Overview

Effect on Anxiety in Partial Epilepsy Patients Treated With Pregabalin

Status:
Terminated

Trial end date:
2014-07-01

Target enrollment:
0

Participant gender:
All

Summary

To prospectively demonstrate the superior anxiolytic effect of high dose pregabalin (PGB) therapy (450 mg/day) compared to low dose PGB therapy (150 mg/day) in subjects with medically refractory partial epilepsy not fully controlled despite treatment with 1-2 concomitant antiepileptic drugs (AEDs).

Phase:

Phase 4

Accepts Healthy Volunteers?

Details

Lead Sponsor:

Northeast Regional Epilepsy Group

Collaborator:

Pfizer

Treatments:

Pregabalin

Criteria

Inclusion Criteria

- An IRB-approved consent form signed and dated by the subject

- A diagnosis of partial epilepsy which is drug resistant according to the International
League Against Epilepsy criteria (Failure of adequate trials of two tolerated and
appropriately chosen and used AED schedules (whether as monotherapies or in
combination) to achieve sustained seizure freedom). Furthermore to meet the ILAE
definition of drug resistance, subjects will have had breakthrough seizures occurring
at a frequency of less than 3 times the longest pretreatment interseizure interval or
every 12 months, which ever is longer.

- Subjects that score ≥18 on Beck Anxiety Inventory will be included in the study

- Subjects from 18 to 75 years, both inclusive.

- Females without childbearing potential or childbearing potential using medically
accepted forms of birth control (pre-menarcheal, post-menopausal, bilateral
oophorectomy or tubal ligation, complete hysterectomy, or medically accepted form of
contraception).

- Subject judged by the Investigator to be reliable and capable of adhering to the
protocol, visit schedules, and able to understand and complete study instruments.

- CT or MRI scan performed within 2 years of screening and without evidence of a
progressive lesion or neurological condition.

- Electroencephalogram consistent with partial epilepsy and does not demonstrate
generalized spike wave.

- Currently treated with a stable dose of 1-2 AEDs for a minimum of 4 weeks (3 months
for phenobarbital and primidone). Benzodiazepines used as a rescue therapy for
seizures and used no more than once a week will be permitted.

Exclusion Criteria

- History of psychogenic non-epileptic seizures.

- The subject is pregnant or lactating.

- Women with reproductive potential who refuse to use medically accepted forms of birth
control.

- Presence of any clinically significant laboratory abnormality which in the judgement
of the investigator should exclude the subject from the study.

- Presence of any progressive, demyelinating, or degenerative neurological condition.

- Subject is currently taking gabapentin.

- History of an allergic reaction to gabapentin or PGB.

- History of worsened seizures or serious adverse reactions to gabapentin.

- History of suicide attempt.

- No active suicidal plan/intent or active suicidal thoughts in the last 6 months.

- Current use or use within the previous three months prior to screening of
antidepressant, anxiolytic, or antipsychotic agents.

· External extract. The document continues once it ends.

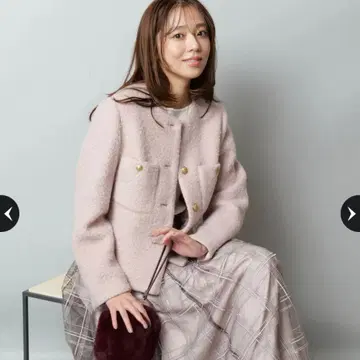 JUSGLITTY 2025AW 샤기 부클레 자켓 핑크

Subjects using benzodiazepines
for anxiety will not be permitted.

- Diagnosis of Bipolar Disorder, Schizophrenia, psychotic disorder (excluding post-ictal
psychosis), Major Depression requiring hospitalization in the past 2 years, or other
psychological or behavioral condition which in the judgement of the investigator
should exclude the subject from the study.

- A history of alcoholism, drug abuse, or drug addiction within the last 2 years.

- Any contraindication to use of PGB.

- Any clinical condition (e.g. severe renal impairment, chronic hepatic disease, serious
infection, and or bone marrow depression) which will impair participation in the
trial.

- History of multiple drug allergies or severe drug allergy.

- Subjects with vagal nerve stimulators (VNS).